Write out the entries exactly. None of the pictures should appear in the copy.

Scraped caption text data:
────────────────
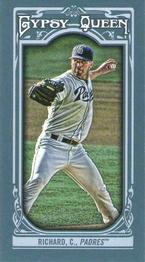 2013 Topps Gypsy Queen - Mini #53 Clayton Richard Front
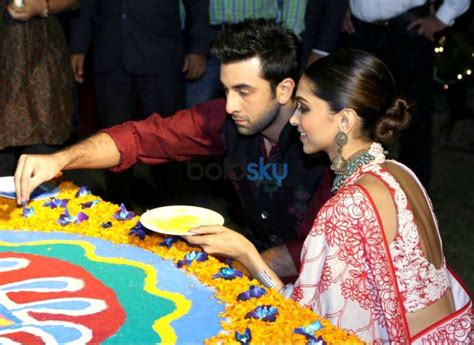 Ranbir Kapoor And Deepika Padukone Celebrated Diwali Boldsky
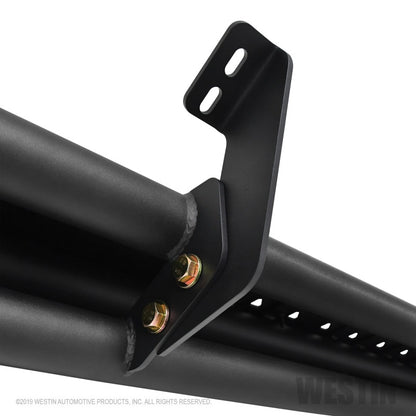 Westin 14-18 Chevrolet/GMC Silverado/Sierra 1500 CrewCab 15-19 2500/3500CrewCab Outlaw Nerf Step Bar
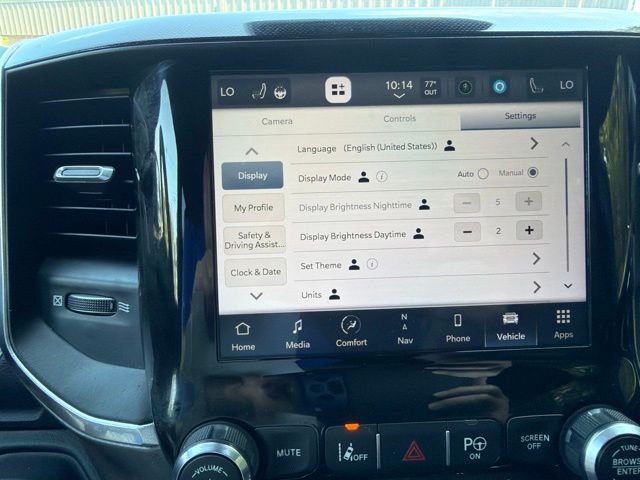 Used 2022 Granite Crystal Metallic Clearcoat Ram Laramie image 64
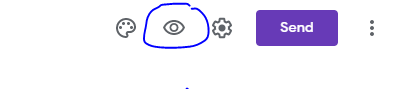 Eye Icon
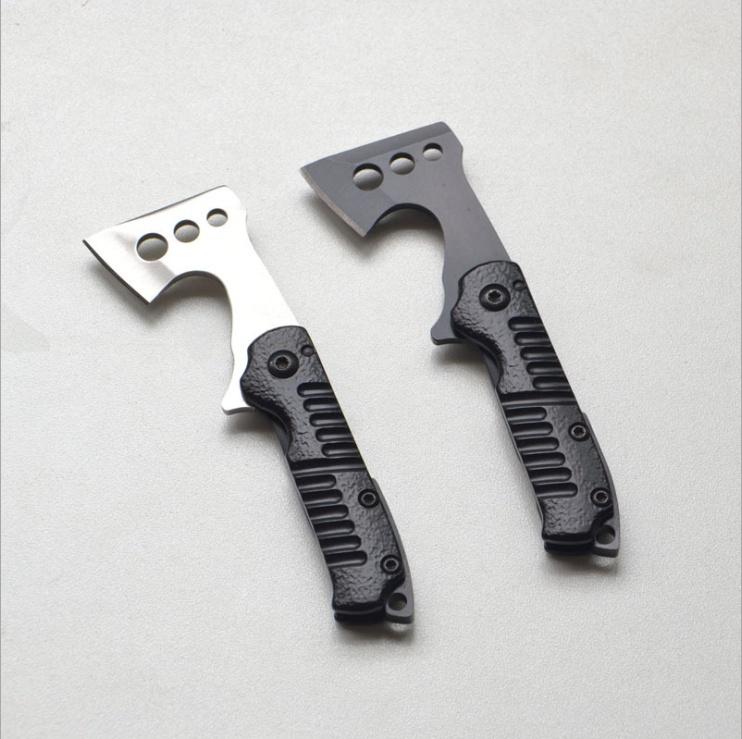 2025 【Free gift】Outdoor 4.2cm mini Axe/10cm Mini Folding Axe Ball Bearing | POPOTR™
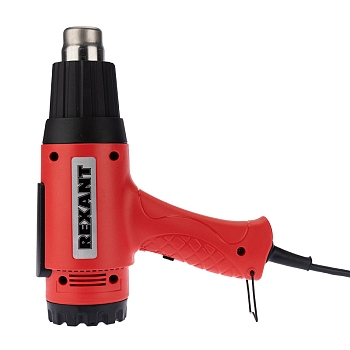 Фен строительный REXANT, 230 В/1800 Вт "MASTER" с терморегулятором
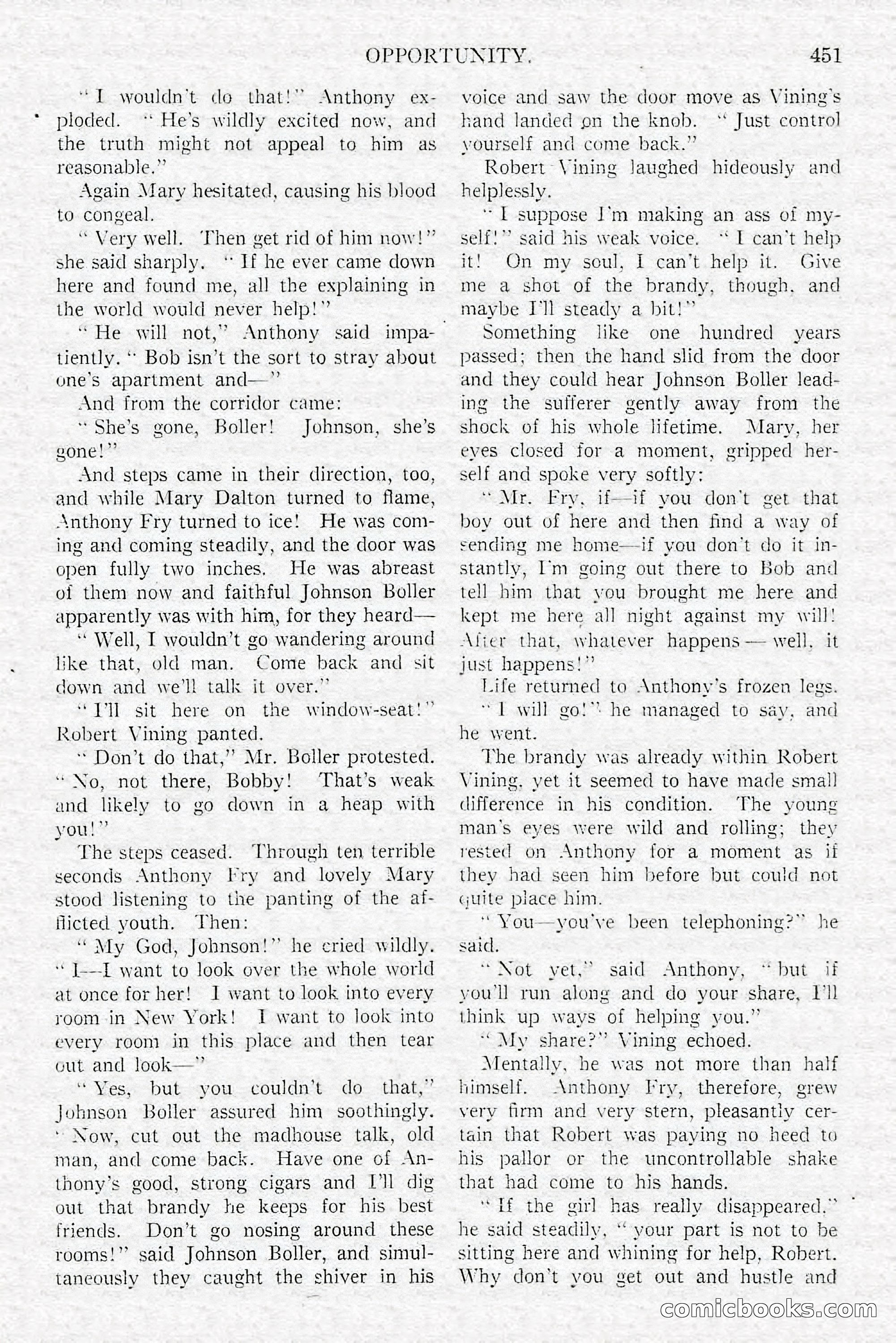 All-Story Weekly, Feb. 3, 1917 — page 109 of 194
────────────────
Response.
 2013 Topps Gypsy Queen - Mini #53 Clayton Richard Front
 Ranbir Kapoor And Deepika Padukone Celebrated Diwali Boldsky
 Westin 14-18 Chevrolet/GMC Silverado/Sierra 1500 CrewCab 15-19 2500/3500CrewCab Outlaw Nerf Step Bar
 Used 2022 Granite Crystal Metallic Clearcoat Ram Laramie image 64
 Eye Icon
 2025 【Free gift】Outdoor 4.2cm mini Axe/10cm Mini Folding Axe Ball Bearing | POPOTR™
 Фен строительный REXANT, 230 В/1800 Вт "MASTER" с терморегулятором
 All-Story Weekly, Feb. 3, 1917 — page 109 of 194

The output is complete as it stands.